Changes in protein glycosylation have great potential as markers for the early diagnosis of cancer and other diseases. The current analytical tools for the analysis of glycan structures need expensive instrumentation, advanced expertise, is time consuming and therefore not practical for routine screening of glycan biomarkers from human samples in a clinical setting.

We are developing a novel ultrasensitive diagnostic platform called ‘NanoMonitor’ to enable rapid label-free glycosylation analysis. The technology is based on electrochemical impedance spectroscopy where capacitance changes are measured at the electrical double layer interface as a result of interaction of two molecules.

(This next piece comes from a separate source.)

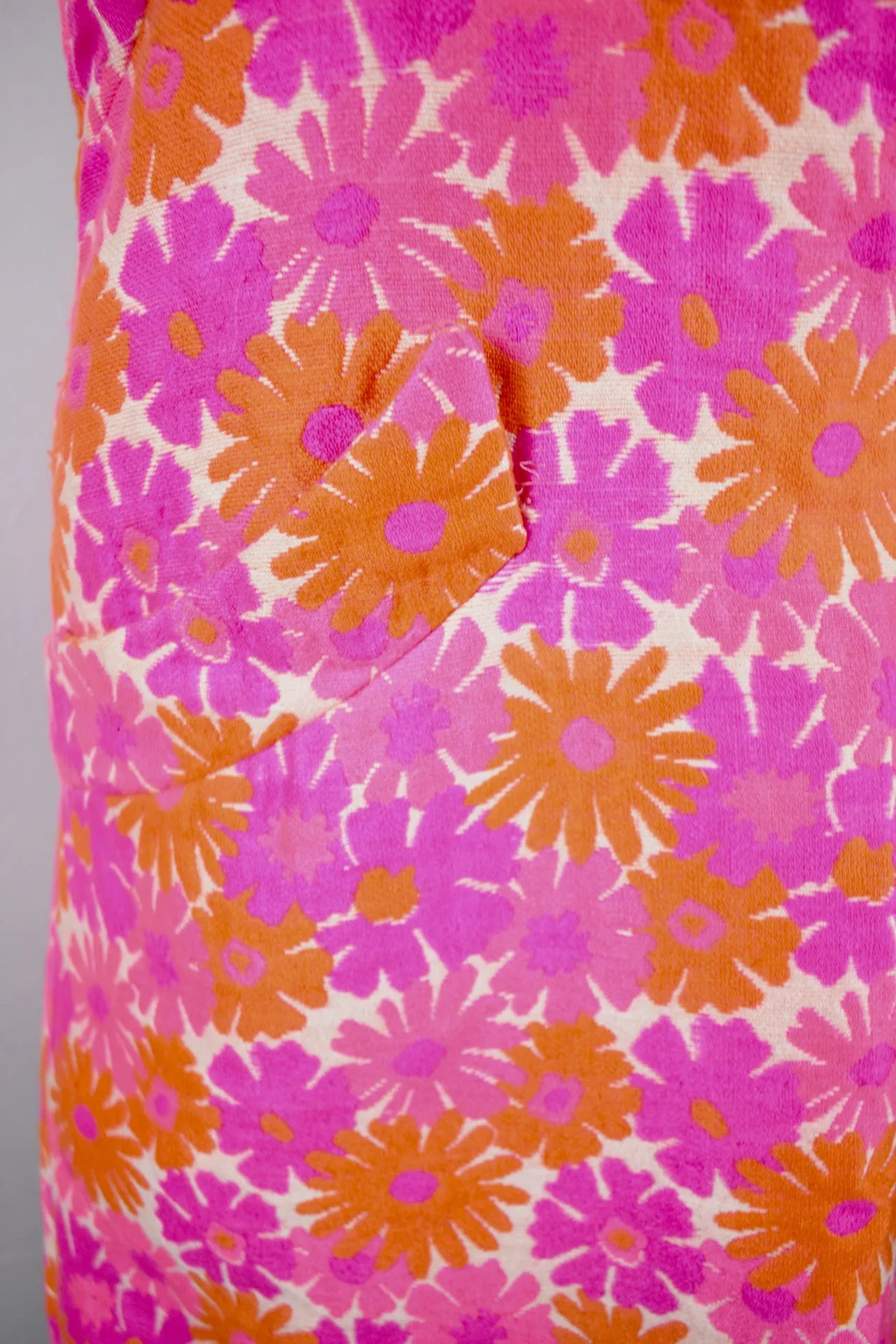 Vintage 1960s Samuel Winston by Roxanne Sleeveless Pink Floral Dress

The NanoMonitor platform consists of a printed circuit board with array of electrodes forming multiple sensor spots. Each sensor spot is overlaid with a nanoporous alumina membrane that forms a high density of nanowells. Lectins, proteins that bind to and recognize specific glycan structures, are conjugated to the surface of nanowells. When specific glycoproteins from a test sample bind to lectins in the nanowells, it produces a perturbation to the electrical double layer at the solid/liquid interface at the base of each nanowell. This perturbation results in a change in the impedance of the double layer which is dominated by the capacitance changes within the electrical double layer.

The nanoscale confinement or crowding of biological macromolecules within the nanowells is likely to enhance signals from the interaction of glycoproteins with the lectins leading to a high sensitivity of detection with the NanoMonitor as compared to other electrochemical techniques.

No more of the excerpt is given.